Wraith's growl subsides, but his eyes remain locked on Thane, challenging. His hands move in a series of signs that I can't follow.
"I know she's your priority," Thane translates, clearly understanding Wraith's version of sign language way better than I do even though it's his own version and fucking impossible for any of us to learn. "She's our priority too. All of us."
Something flashes in Wraith's eyes at that. Possessiveness, maybe, or doubt. He turns back to the blender without responding further.
The tension in the kitchen ratchets up another notch. I shift my weight, feeling like I'm standing in a minefield. One wrong step and the whole place might explode.
"Look," I say, unable to keep quiet any longer, "we all need to get on the same page here. The omega—"
"Ivy," comes a soft voice from the doorway.
Time stops.
We all turn as one to see her standing there, and holy fuck, she's even more beautiful than in my dreams.
She's small—barely over five feet—with curves that even Wraith's oversized t-shirt can't completely hide.
Her hair is damp from a shower, the dark brown dye starting to fade at the roots, revealing strands of auburn.
But it's her eyes that catch me, bright and clear like the ocean, a stunning mix of blue and green that makes my heart sing when they meet mine.

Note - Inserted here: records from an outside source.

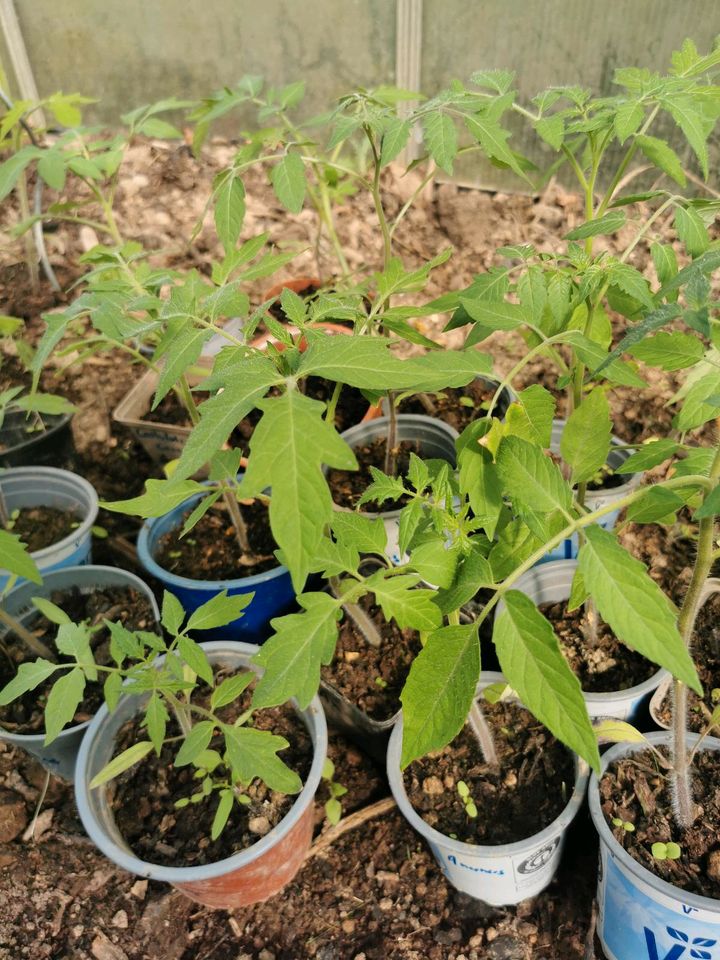 Tomatenpflanzen in Meckenheim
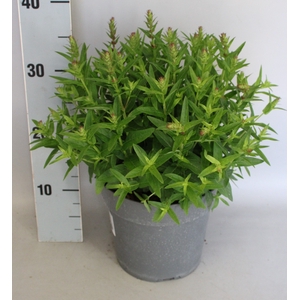 vaste planten 19 cm  Lythrum salicaria 'Robin'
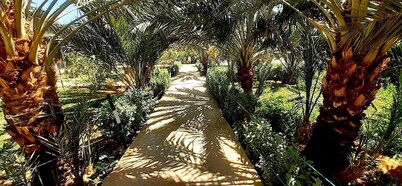 Sun Palmeraie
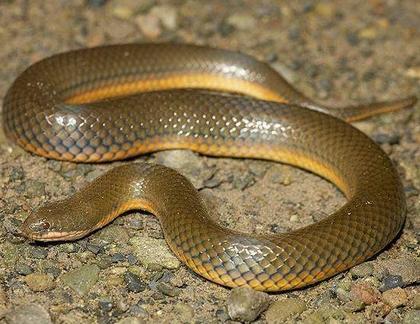 题目: 黄色背,红色腹部蛇的水蛇叫什么蛇啊? 如题,这种蛇有毒吗?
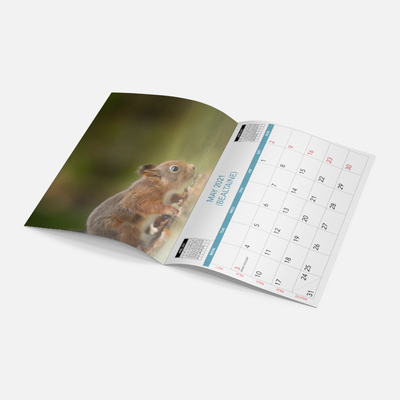 Calendario hecho a medida 2024 Impresión Flip Desk Table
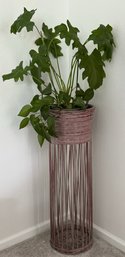 Live Perennial Plant W/ Wicker Plant Stand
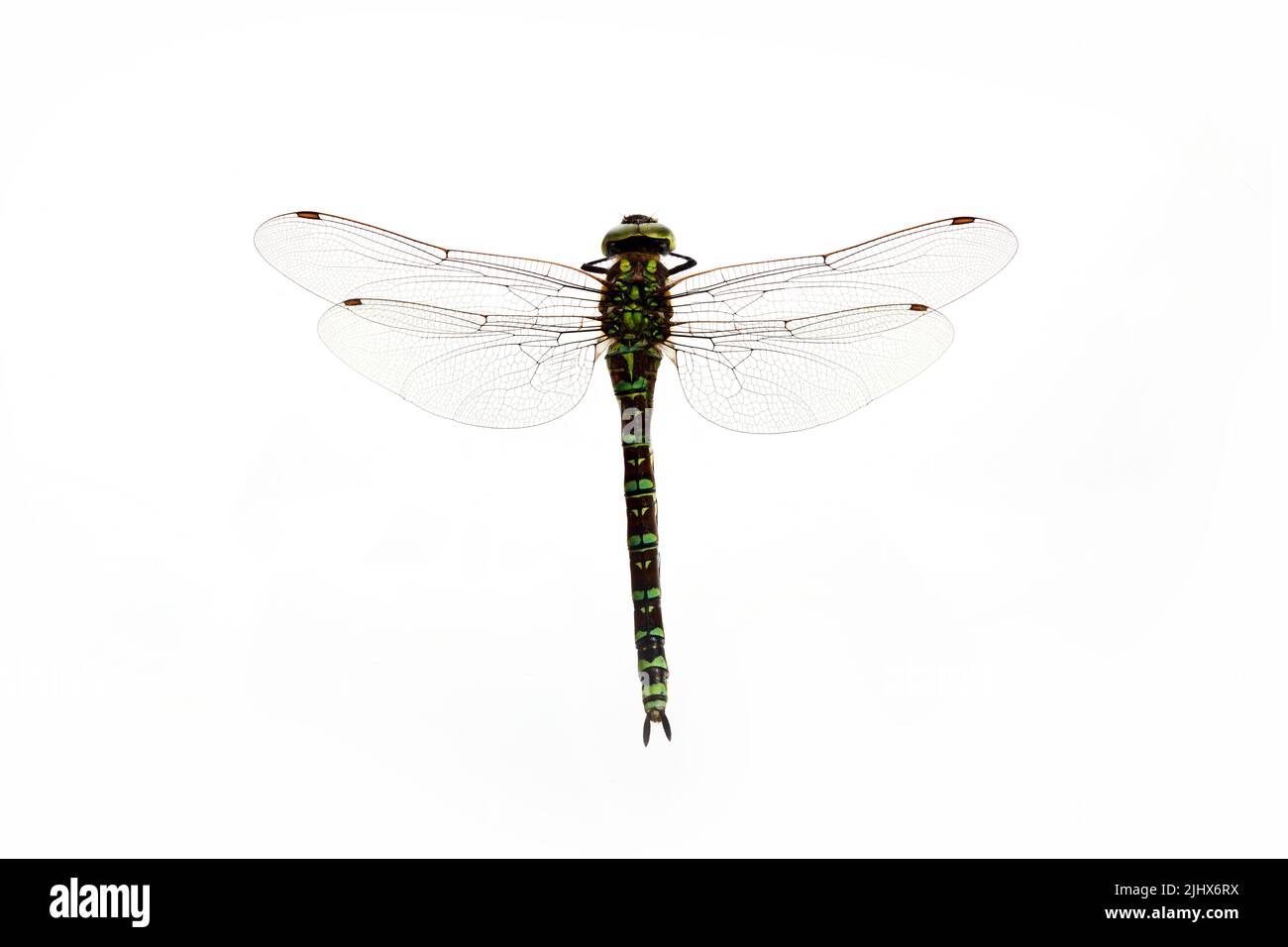 Verde Snaketail libellula su sfondo bianco. Foto Stock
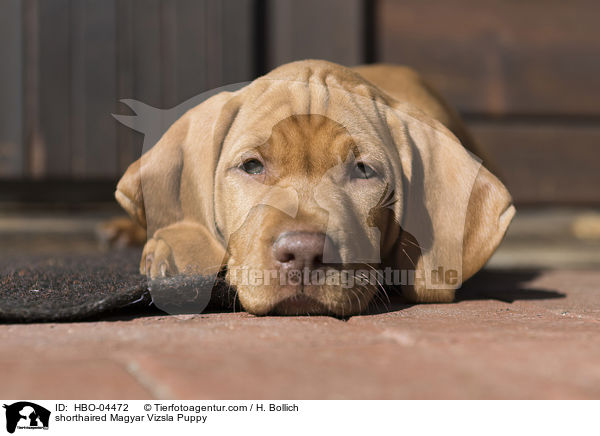 shorthaired Magyar Vizsla Puppy / HBO-04472
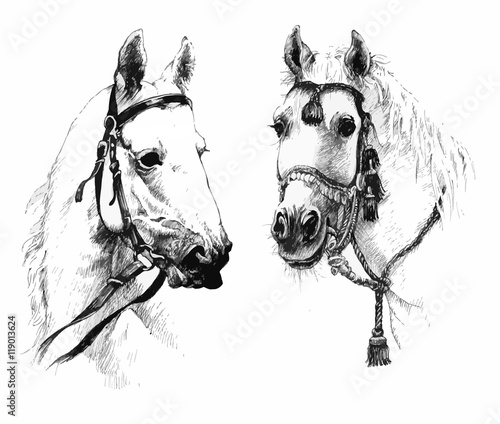 Plakat na zamówienie Dwa piękne białe konie z głowicami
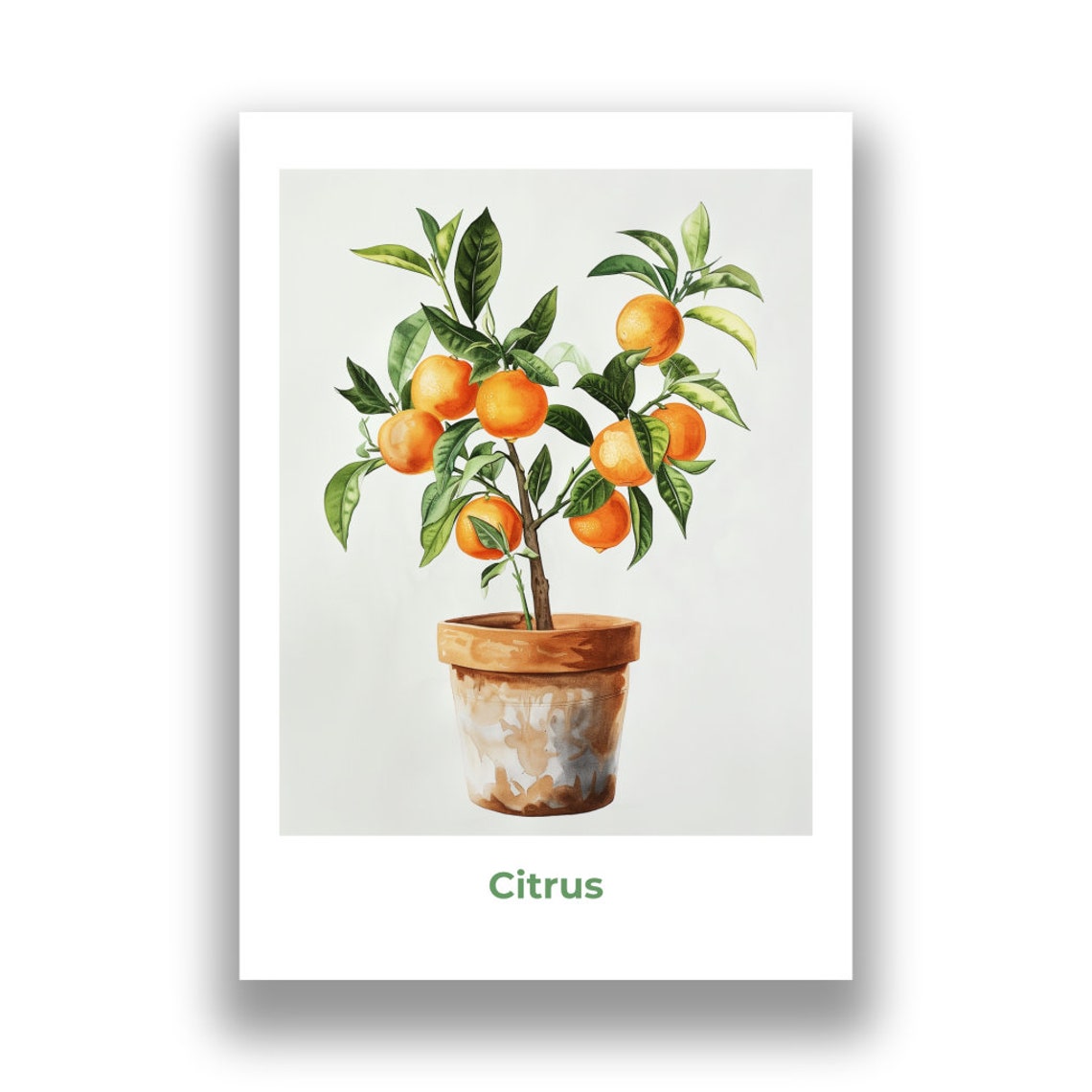 Citrus Orange Tree Potted Fruit Watercolor Botanical Art Poster - Image 2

And her scent. Honeysuckle and summer rain, stronger and purer than the traces we caught through the vents. It fills the kitchen, wrapping around us all like a divine embrace.

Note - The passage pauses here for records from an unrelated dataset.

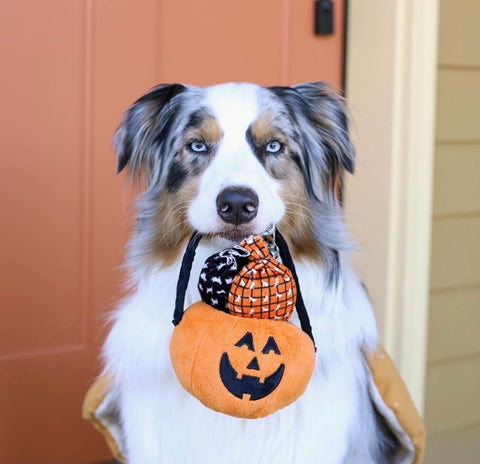 Aussie dog with P.L.A.Y. plush jack o lantern trick or treat basket toy.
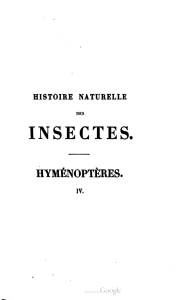 histoire naturelle des insectes. hyménoptères. iv.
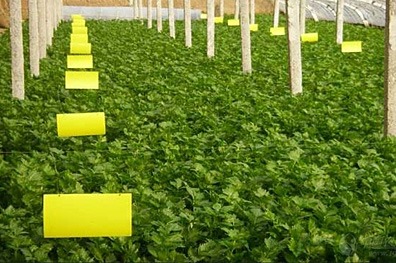 ճ�x(ch��ng)�Tω�����z�đ�(y��ng)��ʾ��D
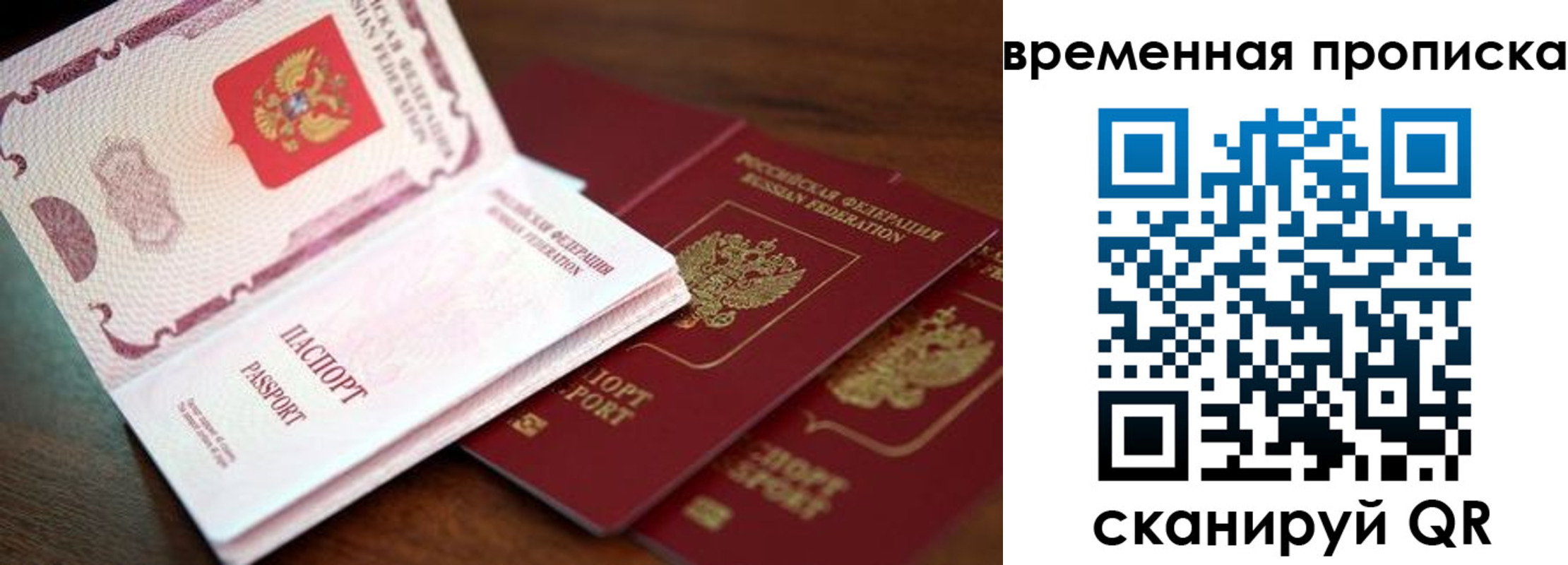 прописка гарантия в Кингисеппе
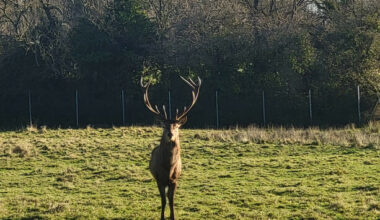 Shock as stag beheaded in north Dublin parkland in 'premeditated' killing - The Journal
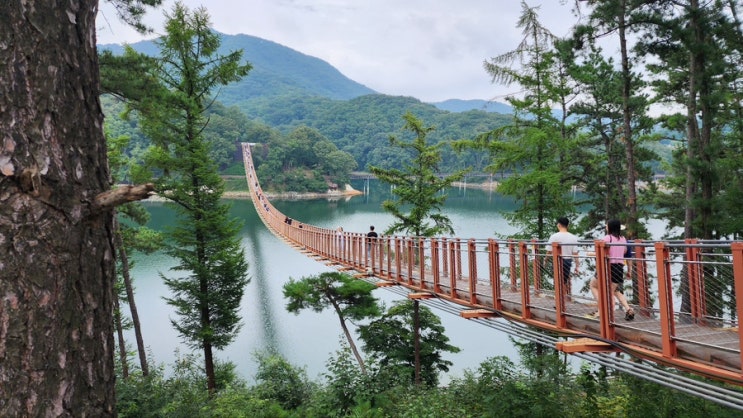  "마장호수 출렁다리" 가족들과 서울 근교 파주 나들이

"My name is Ivy," she says again, her voice steady despite the way her fingers twist nervously in the hem of Wraith's shirt. "Not 'the omega.'"
For a moment, none of us move or speak. We're all just staring at her like idiots, caught in some kind of collective trance. Even Plague seems affected, his usually impassive face showing a flicker of wonder.

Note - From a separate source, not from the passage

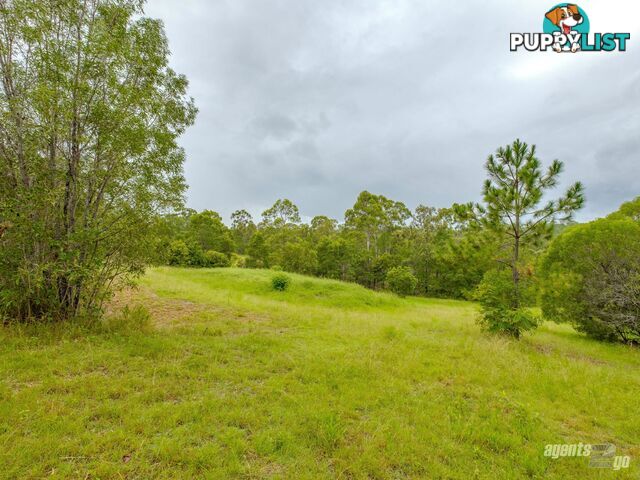 393 Arbortwelve Road GLENWOOD QLD 4570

Wraith recovers first, moving to her side with surprising speed for someone his size. He positions himself slightly in front of her, protective but not possessive, and I notice how she leans toward him instinctively, drawing comfort from his presence.
That stings more than I want to admit.
"Ivy," Thane says, testing the name on his tongue. He takes a step forward, then stops when Wraith tenses. "I'm Thane. We… didn't get properly introduced last night." His voice sounds hoarse. Thick.
"I know who you are," she says. "I looked you all up."
Her eyes move from Thane to me, and fuck me if my heart doesn't actually skip a beat when those beautiful ocean eyes meet mine. "Whiskey," she says, and hearing my name in her voice does something weird to my insides. "Sorry about the hockey stick to the head."
I can't help the grin that spreads across my face. "No hard feelings, sweetheart. I shouldn't have busted in there like that."
Her gaze shifts to Plague, who stands perfectly still under her scrutiny. "And Plague," she says. "Sorry about the cologne in your eyes."
"It was deserved," Plague replies, his voice carefully neutral despite the way his knuckles have gone white around the handle of the spatula.
Ivy takes a deep breath, squaring her shoulders. "I think we should talk. All of us. About... whatever this is." She gestures vaguely between herself and the four of us. "But first, um… coffee?"
The question is so normal, so unexpected after the tension of the moment, that I actually laugh. "Yeah, it's probably the only thing I can make without burning the house down."
"Debatable," Plague mutters.
Ivy smiles—a small, tentative smile that transforms her face—and steps further into the kitchen, Wraith moving with her like a massive shadow. "I'd kill for a cup. Haven't had decent coffee in weeks," she says to me.
She's talking to me.
Ivy, the omega of my dreams—my literal dreams—is talking to me.
And all I can do is stare at her like a lovestruck puppy.